→ TASK STATEMENT:
Go to the line containing "Bkmc 6 років" and retype it and every later line exactly as written, up to the last line of the entries. Keep pictures out.

→ INPUT FOR THIS TASK:
━━━━━━━━

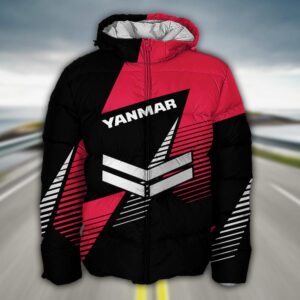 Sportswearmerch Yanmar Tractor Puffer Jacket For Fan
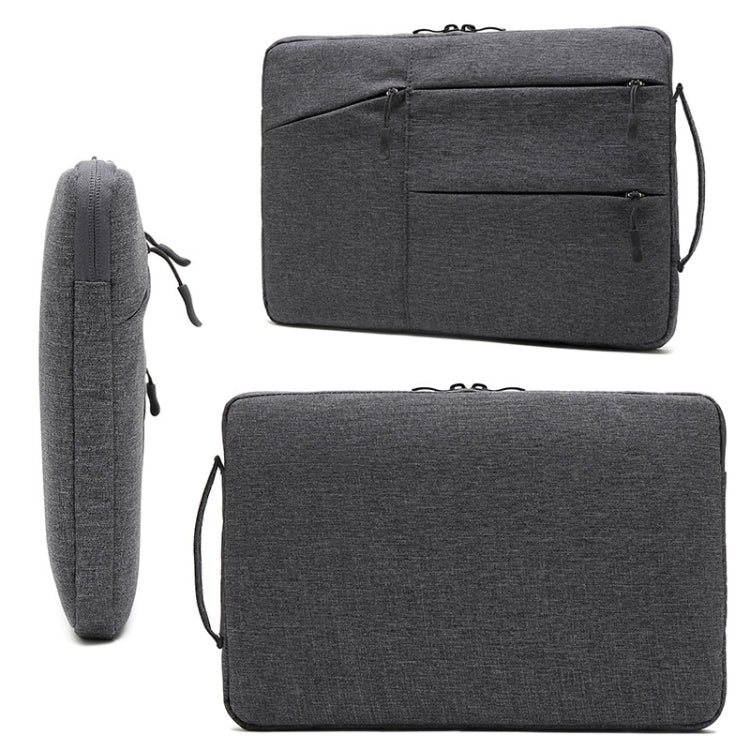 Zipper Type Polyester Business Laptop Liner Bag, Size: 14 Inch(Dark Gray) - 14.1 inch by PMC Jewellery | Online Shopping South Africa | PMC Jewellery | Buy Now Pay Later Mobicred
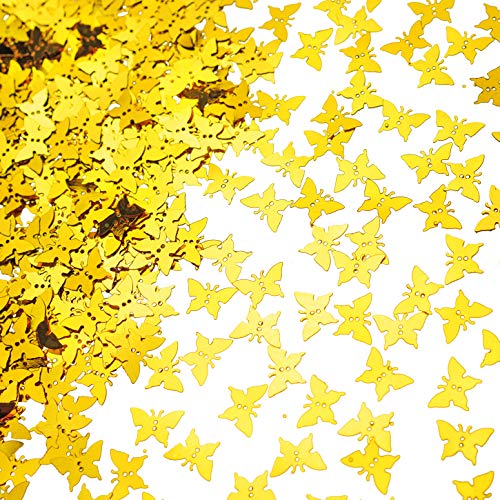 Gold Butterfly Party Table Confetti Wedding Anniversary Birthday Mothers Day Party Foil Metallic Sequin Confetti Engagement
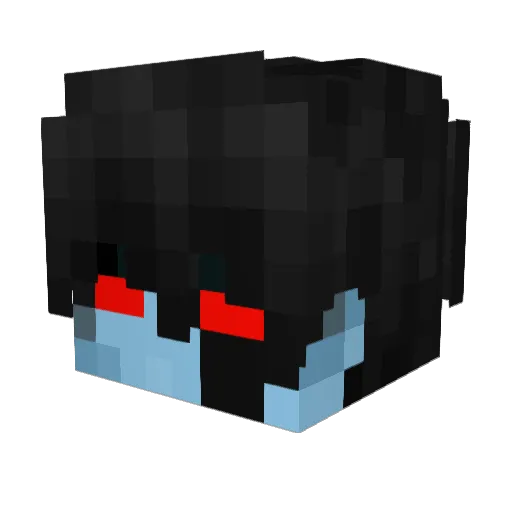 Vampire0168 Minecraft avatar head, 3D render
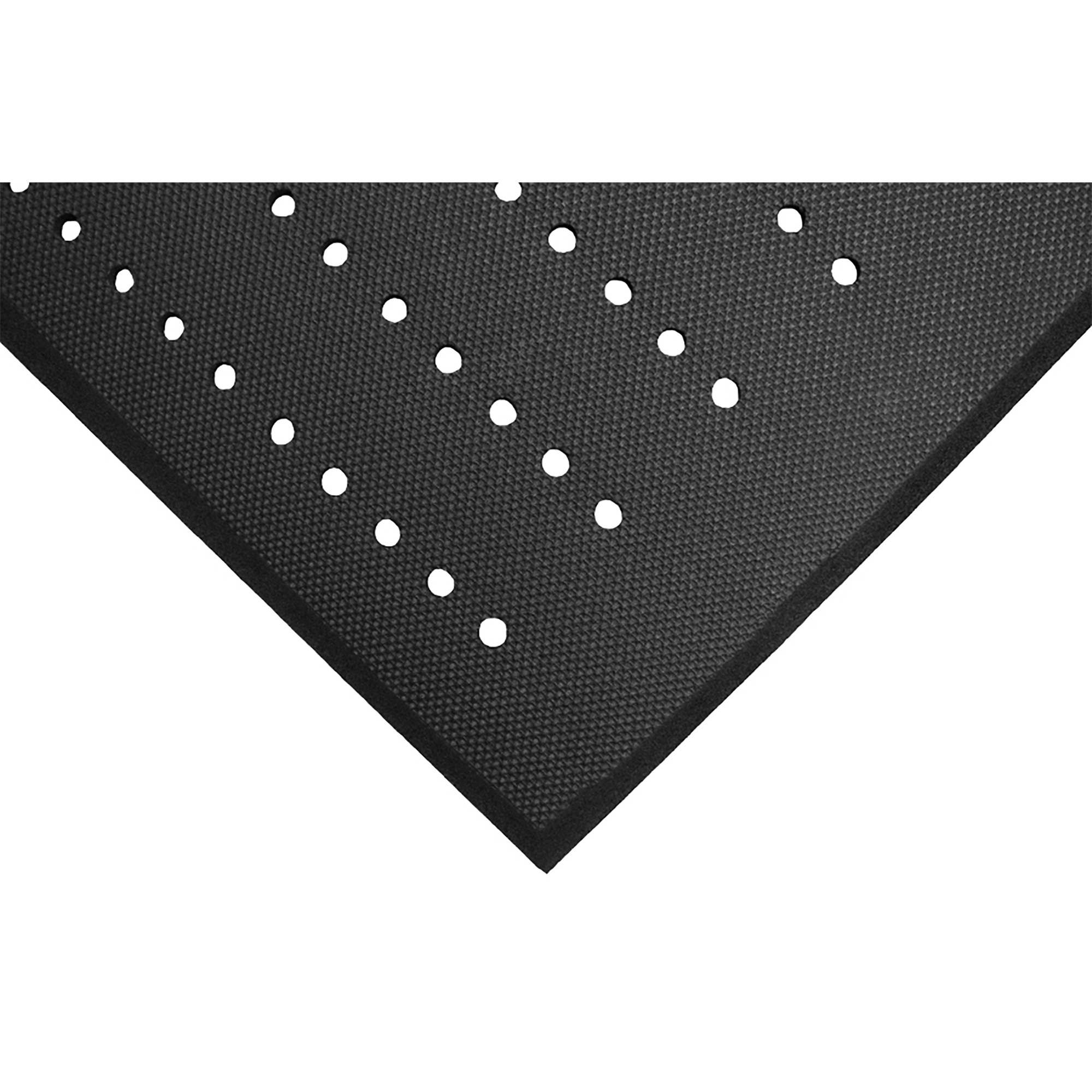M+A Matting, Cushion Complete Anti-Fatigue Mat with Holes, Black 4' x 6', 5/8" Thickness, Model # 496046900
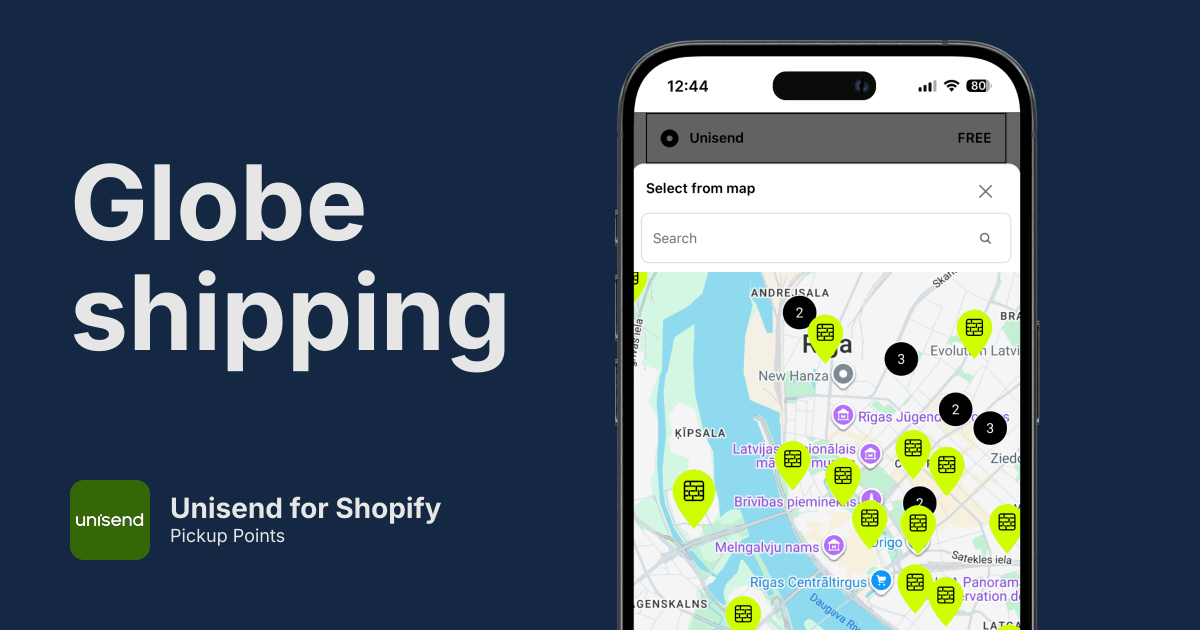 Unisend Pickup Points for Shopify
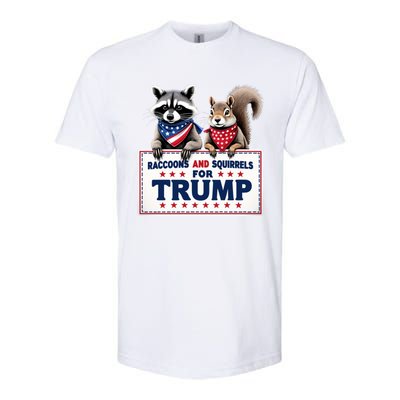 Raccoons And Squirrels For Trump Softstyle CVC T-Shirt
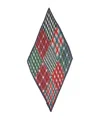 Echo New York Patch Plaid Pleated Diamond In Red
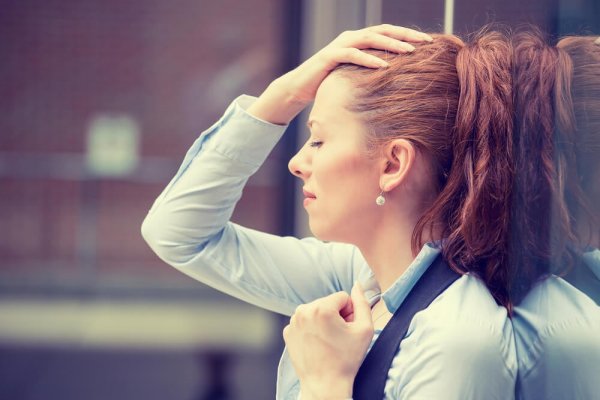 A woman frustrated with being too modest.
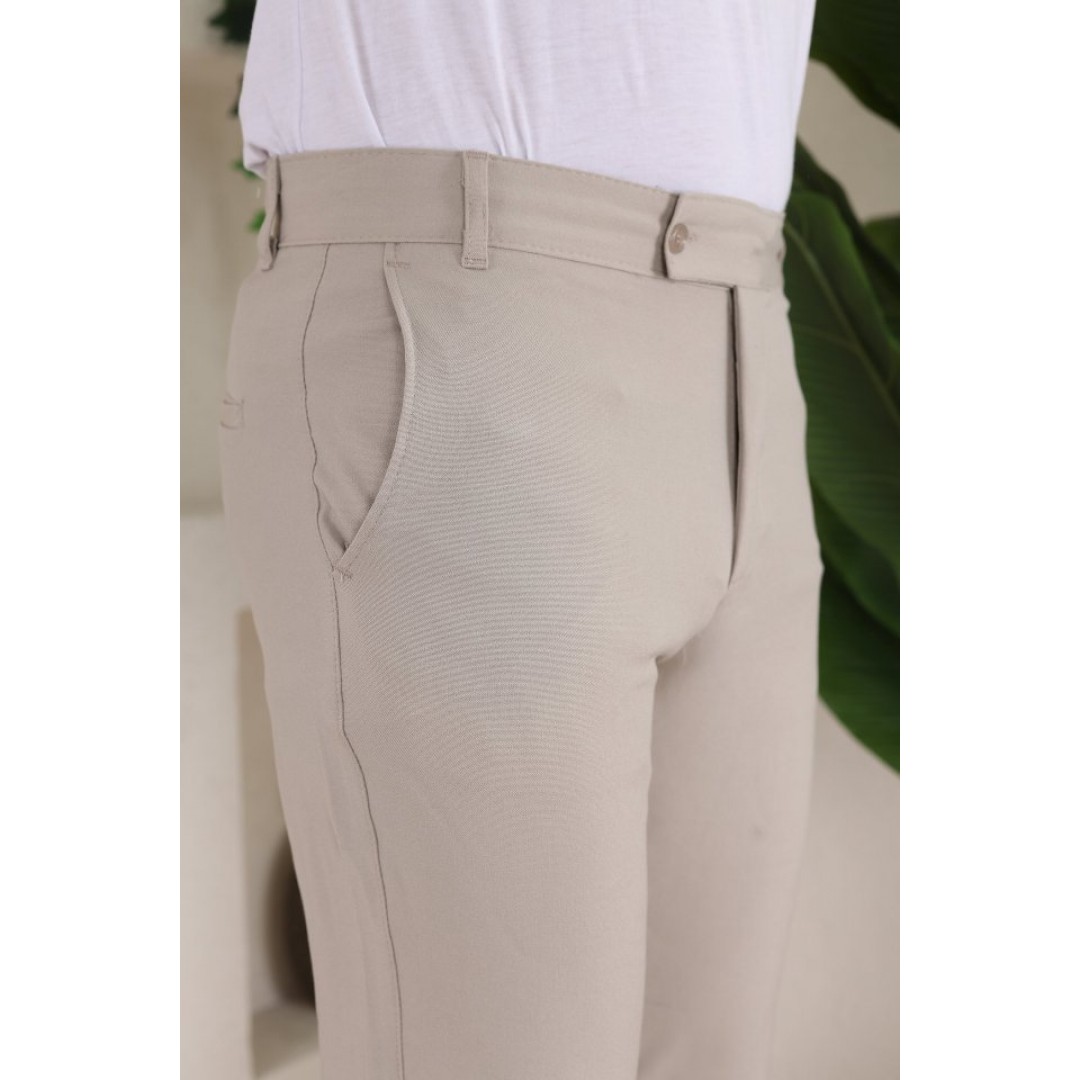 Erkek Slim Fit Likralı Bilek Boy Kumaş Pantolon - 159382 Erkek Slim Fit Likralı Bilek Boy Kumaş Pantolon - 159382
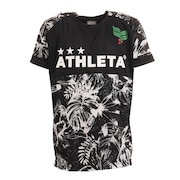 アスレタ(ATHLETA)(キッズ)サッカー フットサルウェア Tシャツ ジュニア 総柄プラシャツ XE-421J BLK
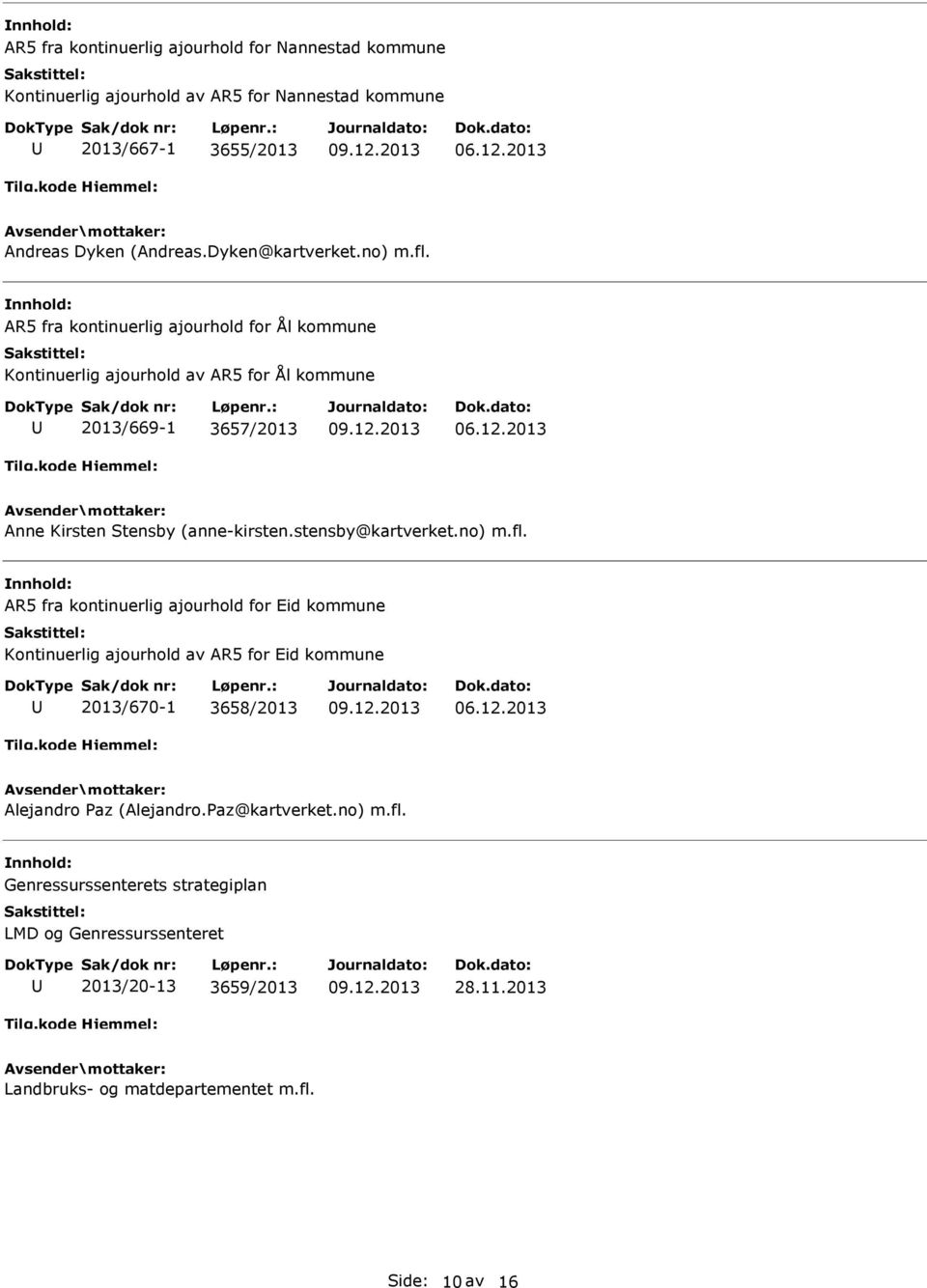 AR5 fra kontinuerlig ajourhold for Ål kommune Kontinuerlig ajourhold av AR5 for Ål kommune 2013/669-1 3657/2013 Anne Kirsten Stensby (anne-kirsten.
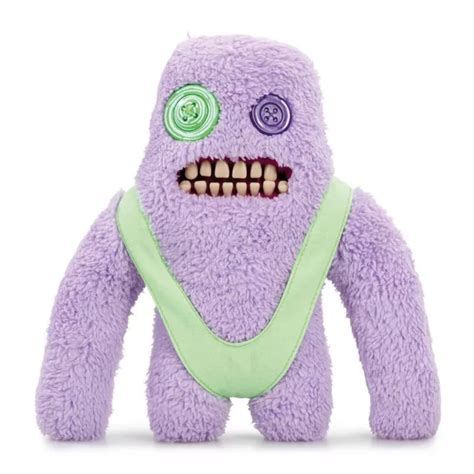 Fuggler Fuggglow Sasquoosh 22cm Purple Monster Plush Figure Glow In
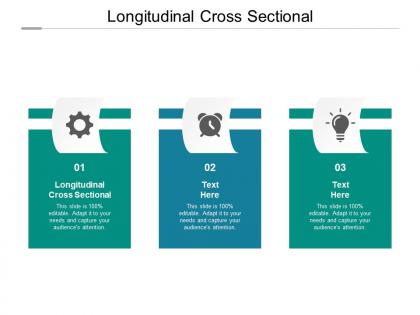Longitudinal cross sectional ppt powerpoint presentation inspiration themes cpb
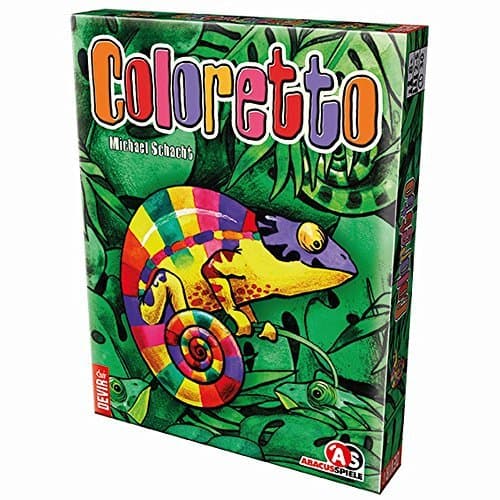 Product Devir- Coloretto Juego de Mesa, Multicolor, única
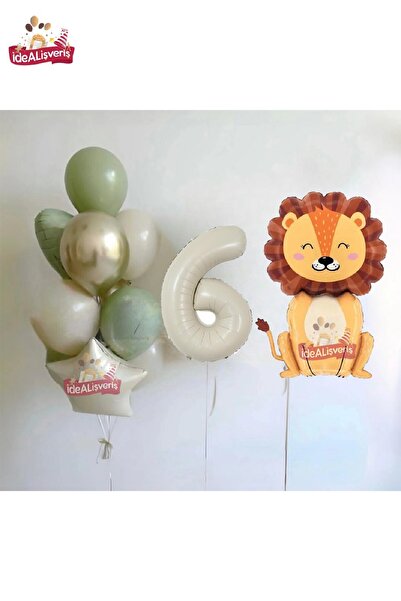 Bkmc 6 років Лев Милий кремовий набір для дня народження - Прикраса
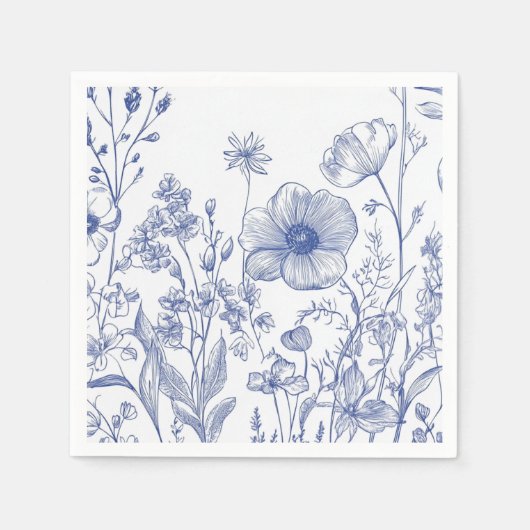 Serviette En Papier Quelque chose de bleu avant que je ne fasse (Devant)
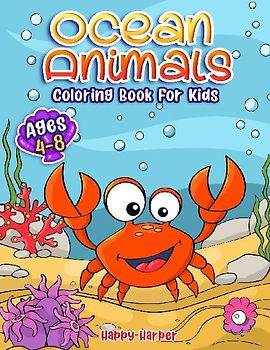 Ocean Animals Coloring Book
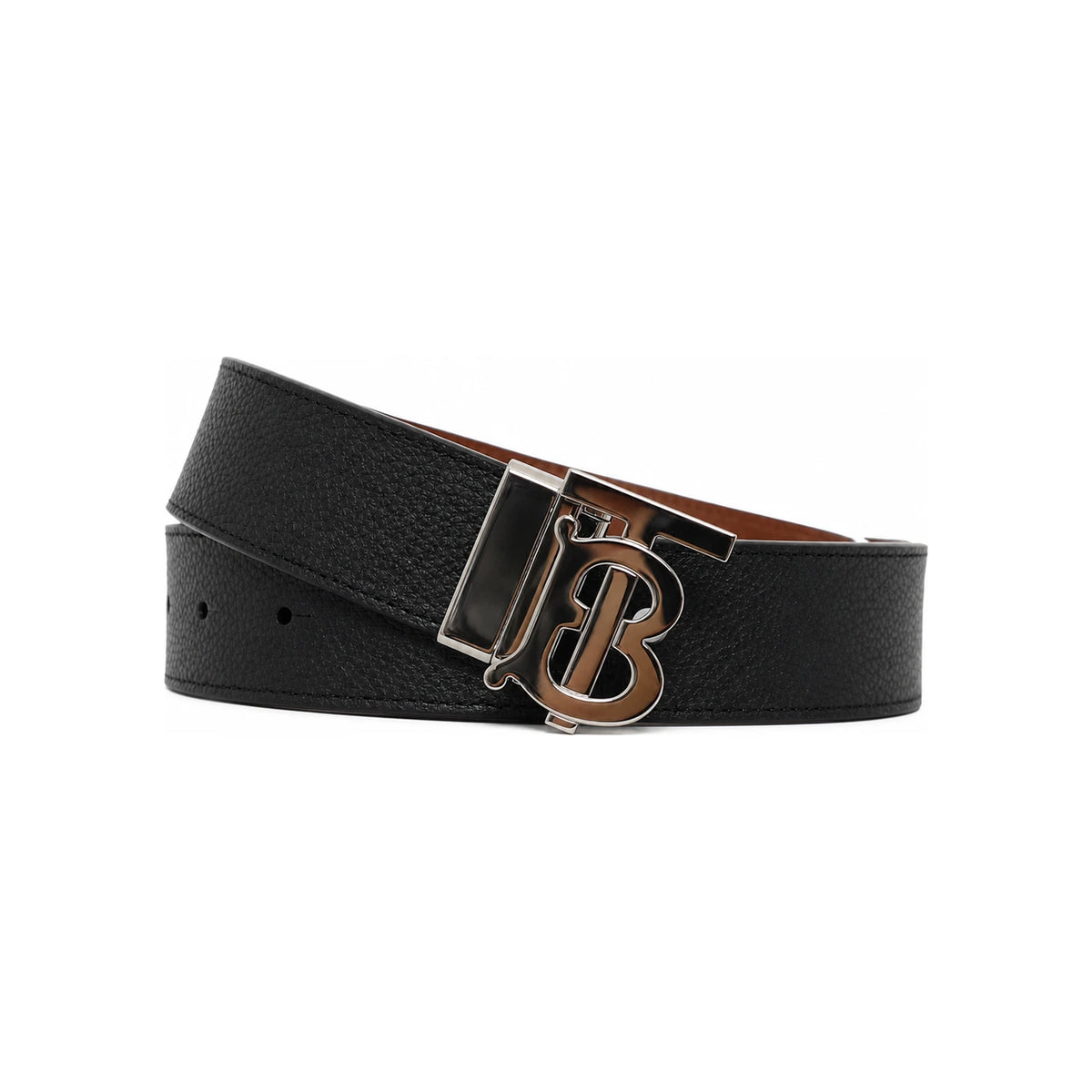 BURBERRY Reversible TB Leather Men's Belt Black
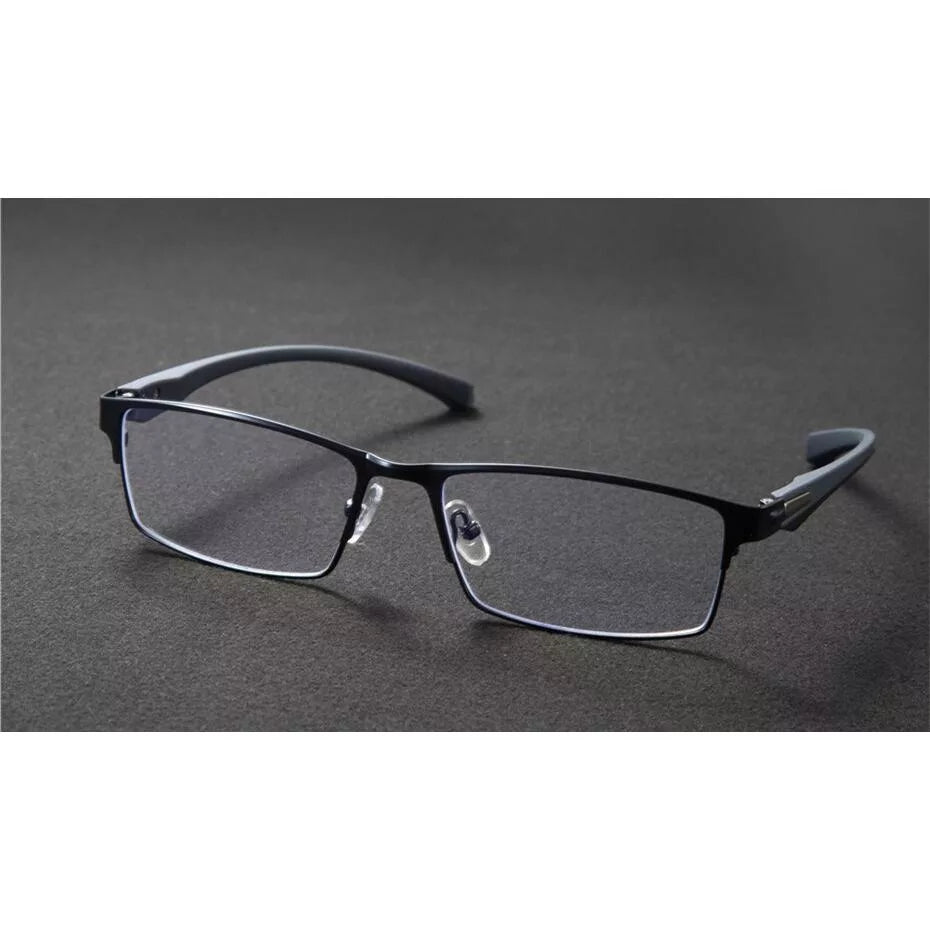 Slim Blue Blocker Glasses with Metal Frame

━━━━━━━━

→ OUTPUT OF THE EXERCISE:
 Bkmc 6 років Лев Милий кремовий набір для дня народження - Прикраса
 Serviette En Papier Quelque chose de bleu avant que je ne fasse (Devant)
 Ocean Animals Coloring Book
 BURBERRY Reversible TB Leather Men's Belt Black
 Slim Blue Blocker Glasses with Metal Frame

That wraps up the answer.